É evidente que os gestores dessas empresas, em particular as de capital aberto, vão mais do que de imediato aproveitar essa irrecusável oferenda entregue pelo governo de maneira a "preservar o melhor interesse da empresa e de seus acionistas", sob pena de serem responsabilizados por não cumprirem o que estabelece a Lei das SAs. Mas a tradição de usar as dívidas tributárias como fonte de lucro - situação para a qual os grandes contribuintes e as confederações empresariais que os representam exercem poderoso lobby -, bagunçou a ordem tributária de maneira a criar um ambiente econômico disfuncional.

Ao permitir que empresas altamente lucrativas parcelem seus débitos com a Receita Federal em condições supervantajosas, o governo destrói o princípio da capacidade contributiva. Esse instrumento de "justiça fiscal", previsto na Constituição, pode ser entendido como a capacidade que o contribuinte possui de pagar tributos sem comprometer seus meios de subsistência. Como demonstrado que os grupos aderentes ao Refis gozavam de plena saúde contábil, aptas a recolherem com patriotismo os impostos federais, cai o argumento de que o programa de parcelamento teve o propósito de auxiliá-los em agudo momento de dificuldade financeira resultante de hipotética crise macroeconômica.

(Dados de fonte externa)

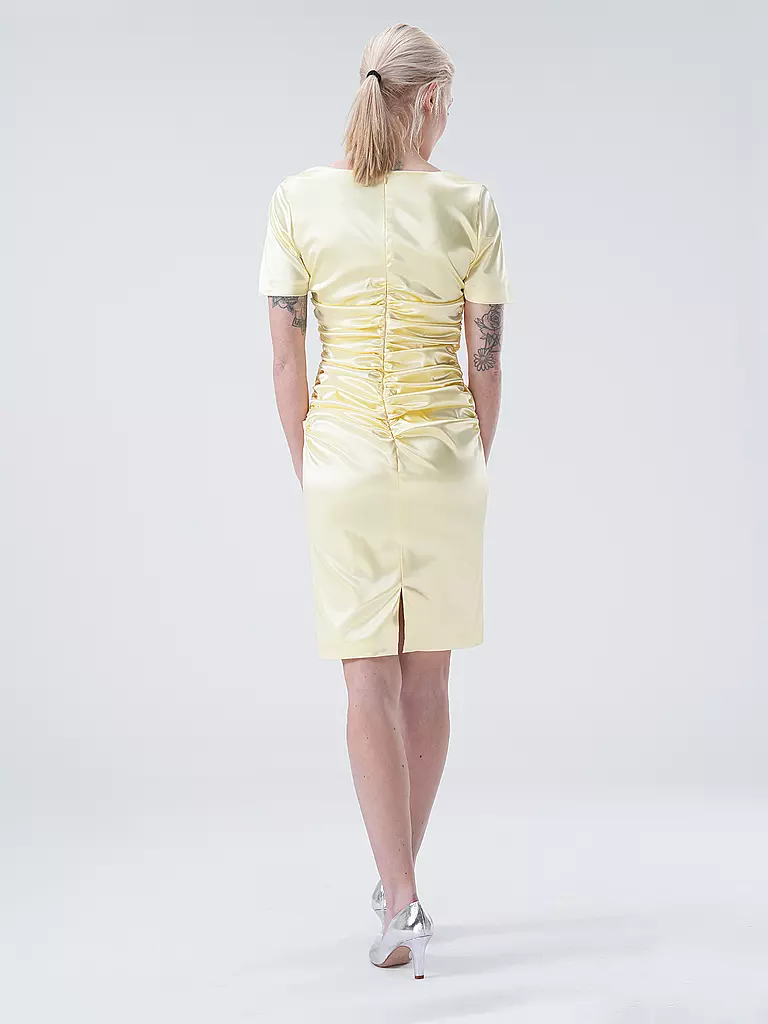 CLAUS TYLER Abendkleid AUDRY gelb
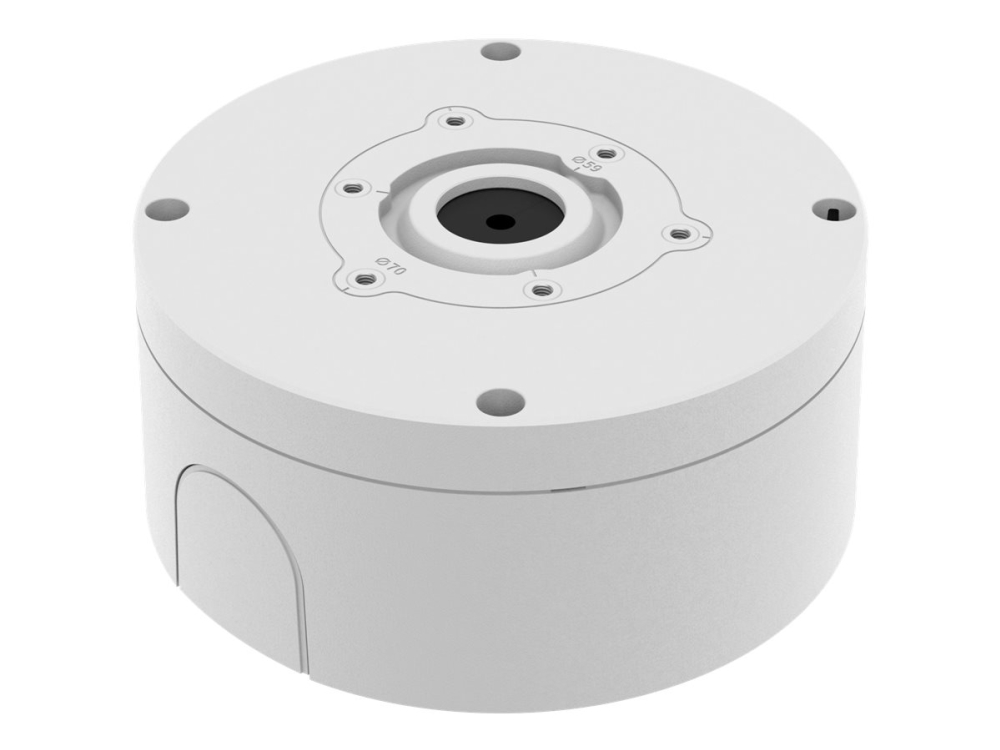 Hanwha Vision Sbo-140Ww - Kameragehäuse - Weiß, Ral 9003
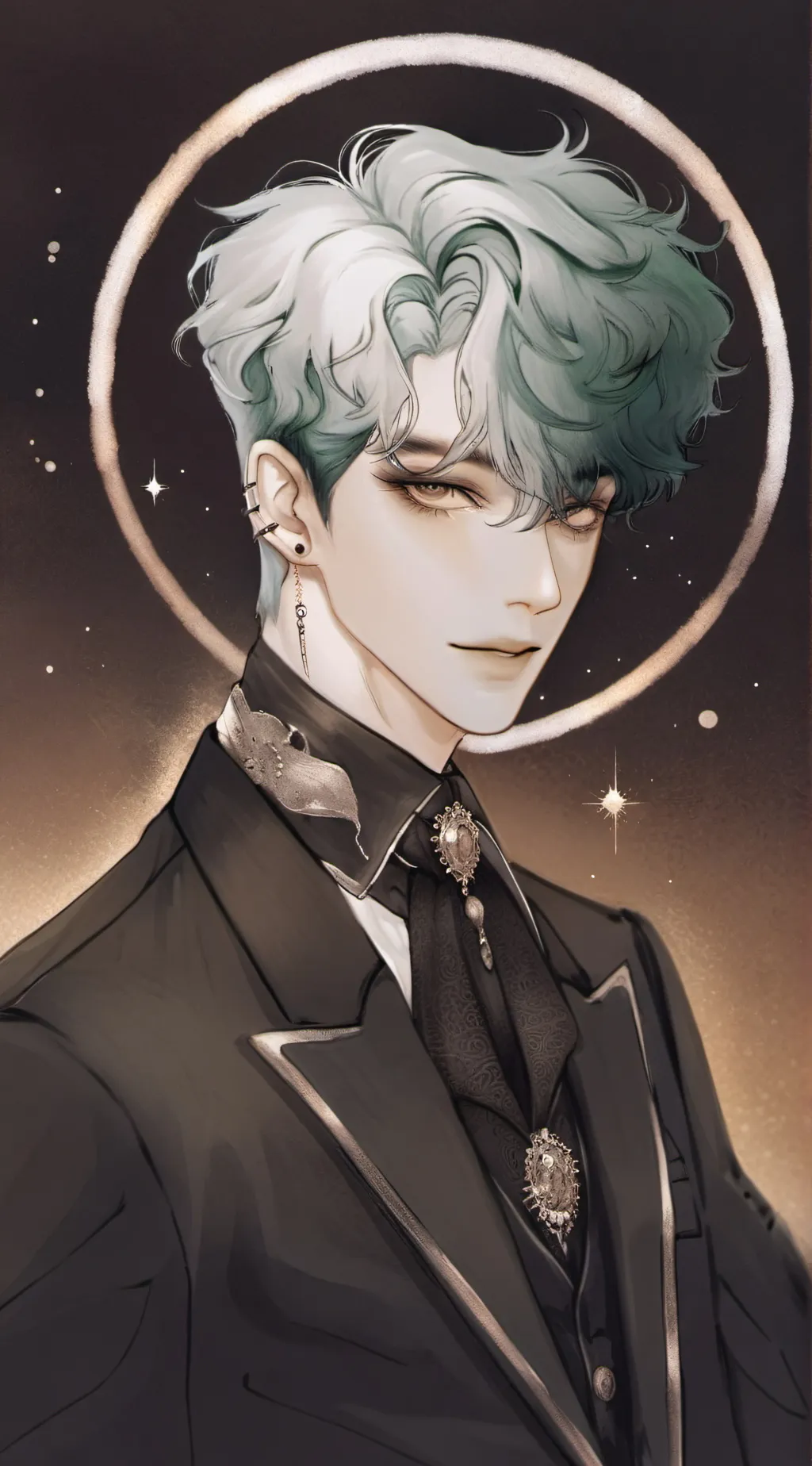 ai character: -° Kazimir °- background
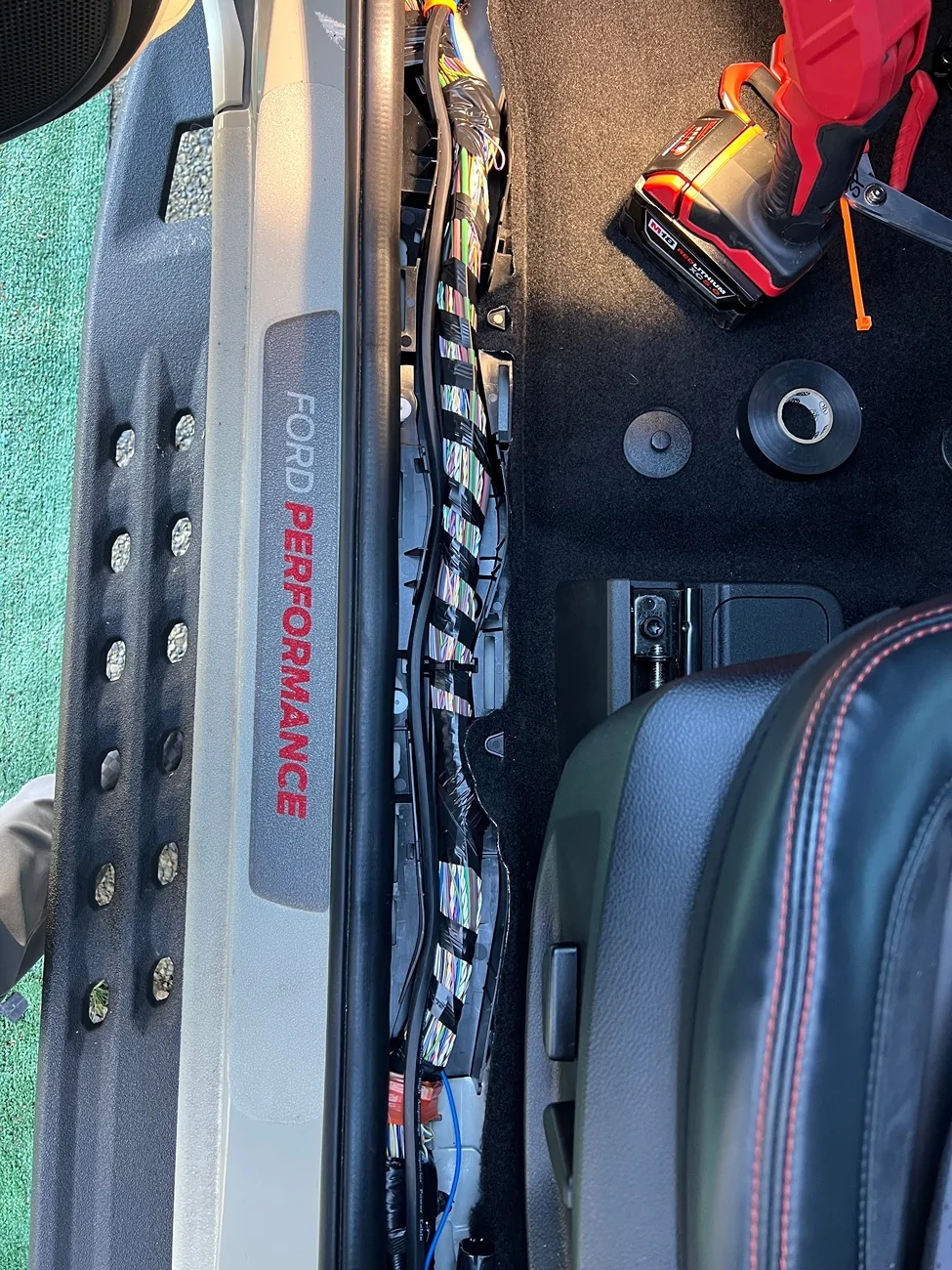 Ford Ranger Another Sub woofer & Amp Installation IMG_2375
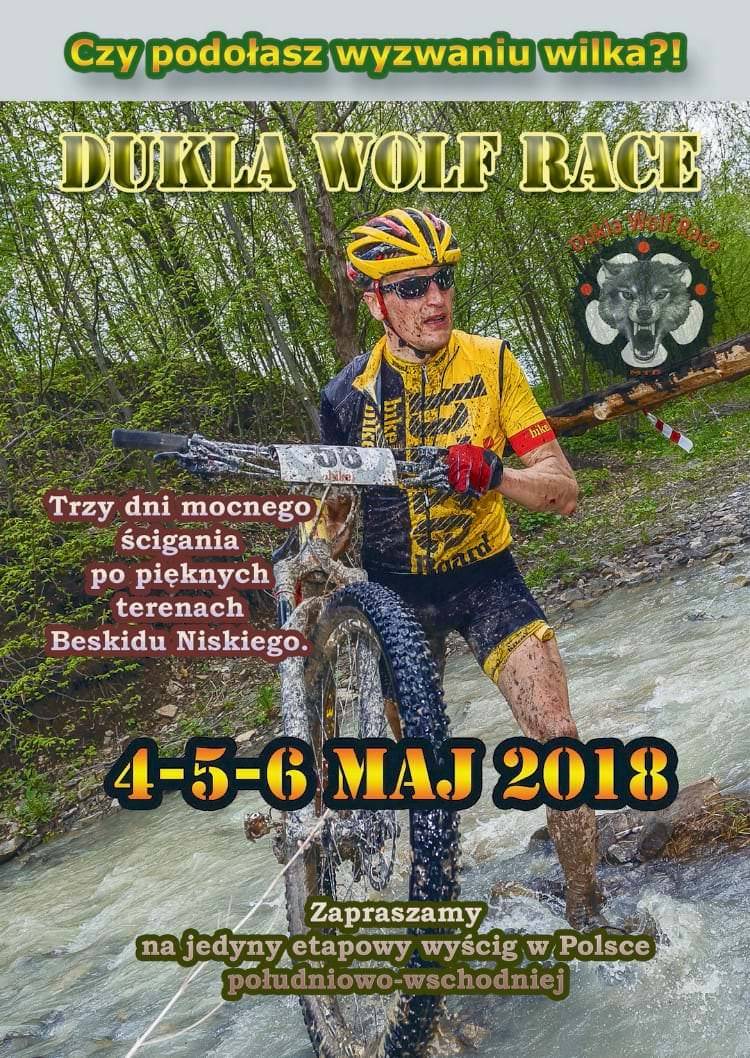 Ruszyły już zapisy na Dukla Wolf Race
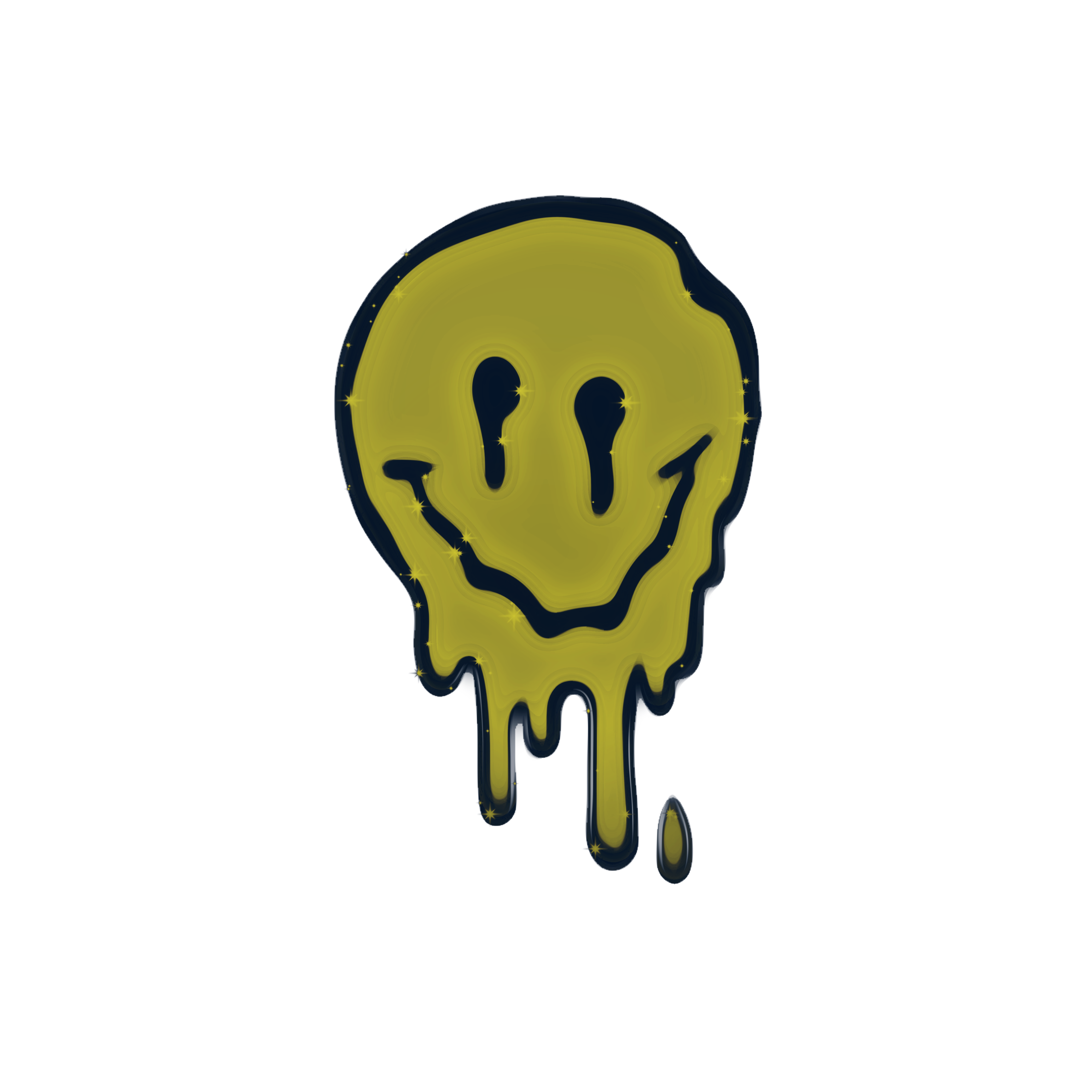 freetoedit smile drippy dripping drip sticker by @indic0lit3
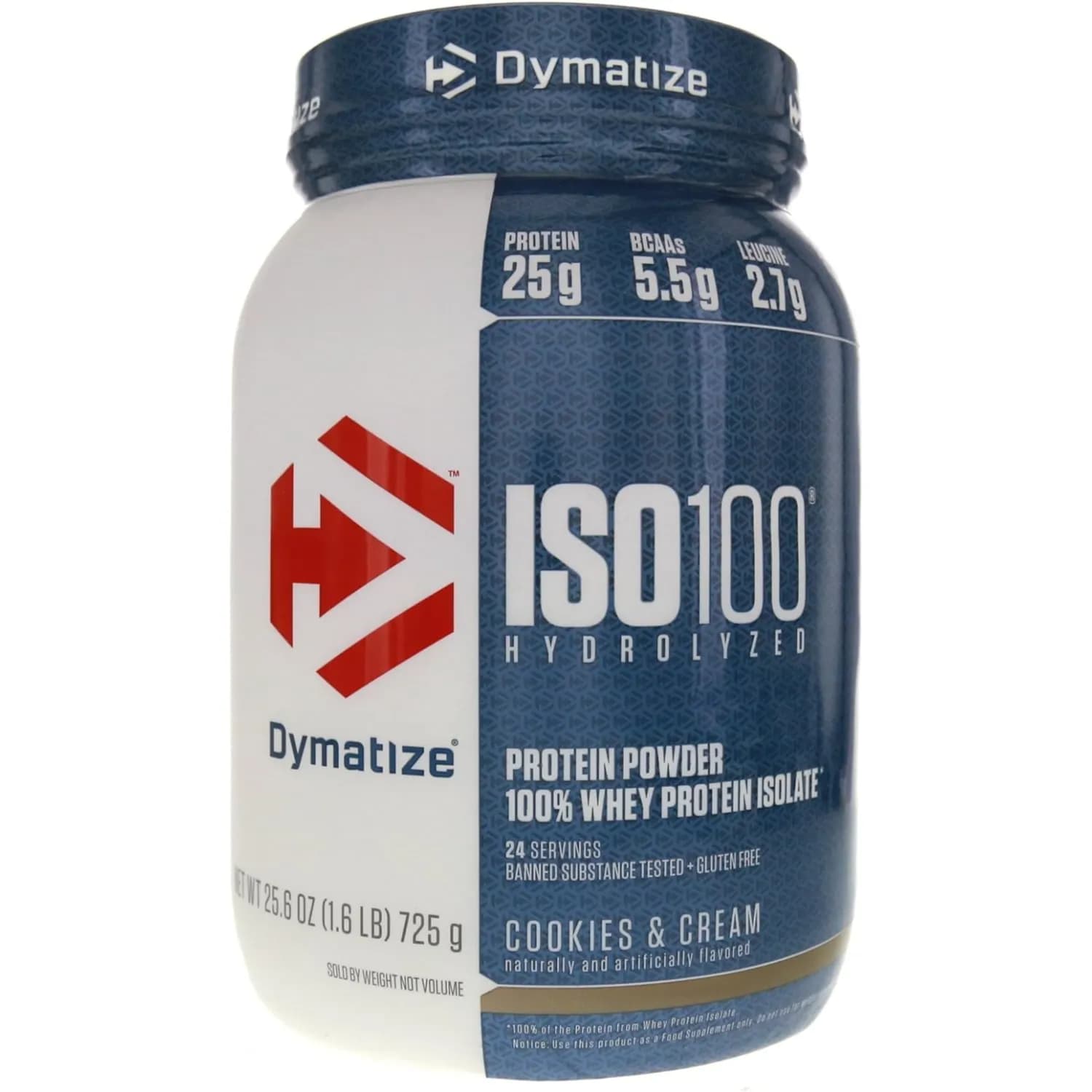 Dymatize Iso 100% 5Lbs Cookies & Cream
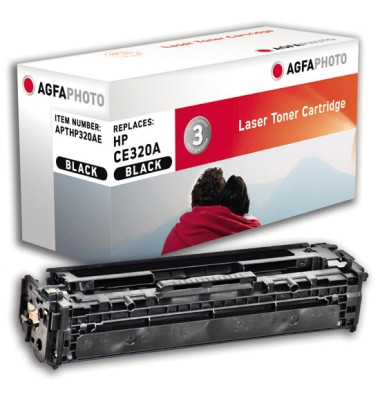 Toner APTHP320AE schwarz 2000 Seiten kompatibel zu CE320A 128A Toner APTHP320AE schwarz 2000 Seiten kompatibel zu CE320A 128A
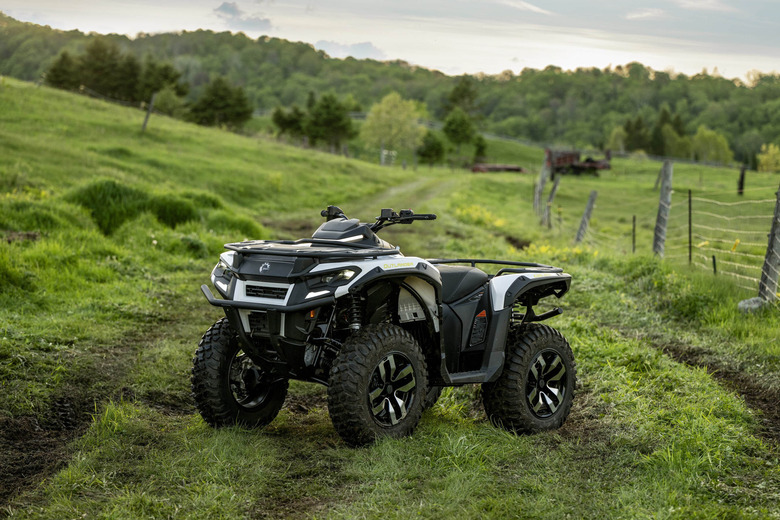 The Can-Am Outlander Electric 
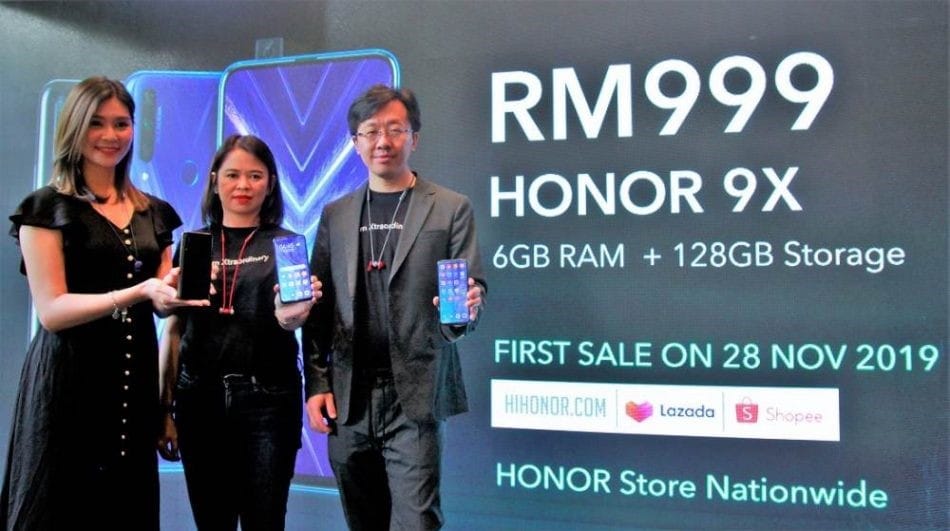 Dapatkan Pengalaman Permua Yang Baik Dengan Skrin Dan Storan HONOR 9X Yang Besar.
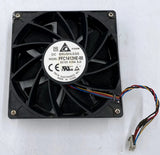 Delta Electronics PFC1412HE-00 DC Axial Fan 12VDC 140x140x38mm
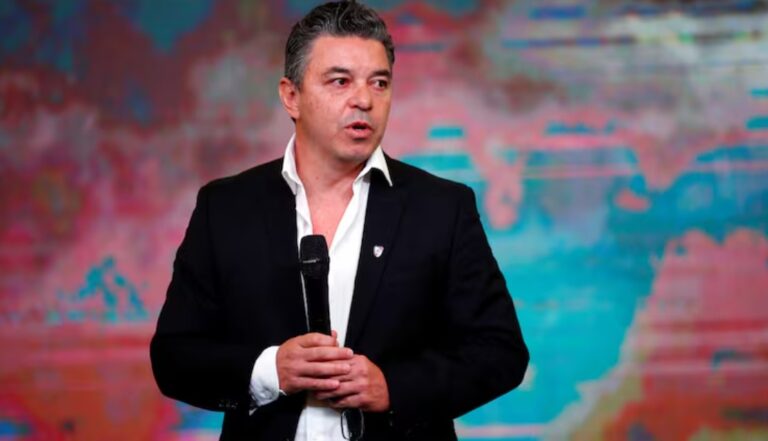 Marcelo Gallardo, en su regreso como DT de River: “Vamos a ir por todo lo que está en juego”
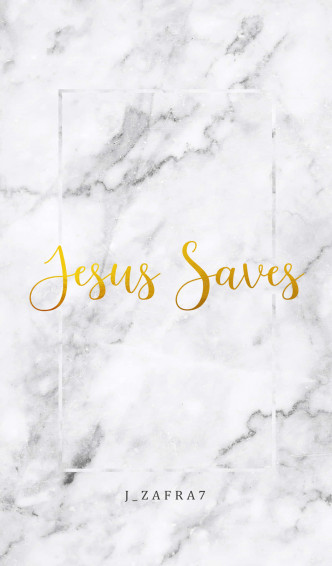 Jesus Saves Wallpaper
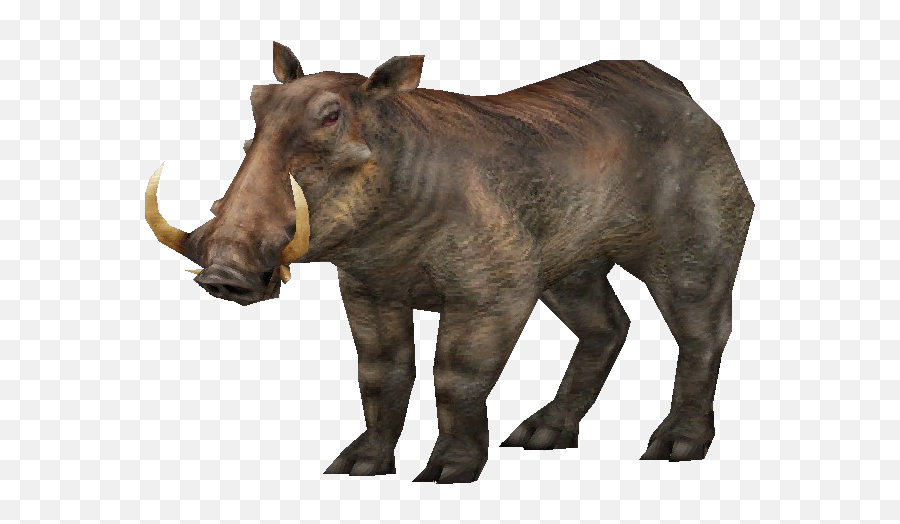 Warthog Png Hd Transparent - Carnivores Ice Age Wild Boar,Warthog Png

A questão central está precisamente no fato de que esses contribuintes - justamente os de maior capacidade contributiva na casa dos milhões e bilhões de reais - não precisavam desse benefício que impactou diretamente o depauperado caixa da União (conforme estudos da autoridade tributária, a renúncia de receita dos últimos três programas foi de R$ 175 bilhões) com suas repercussões no custeio da administração pública e na execução de politicas públicas nas áreas básicas de que o Brasil precisa: saúde, educação, moradia, saneamento básico e segurança pública.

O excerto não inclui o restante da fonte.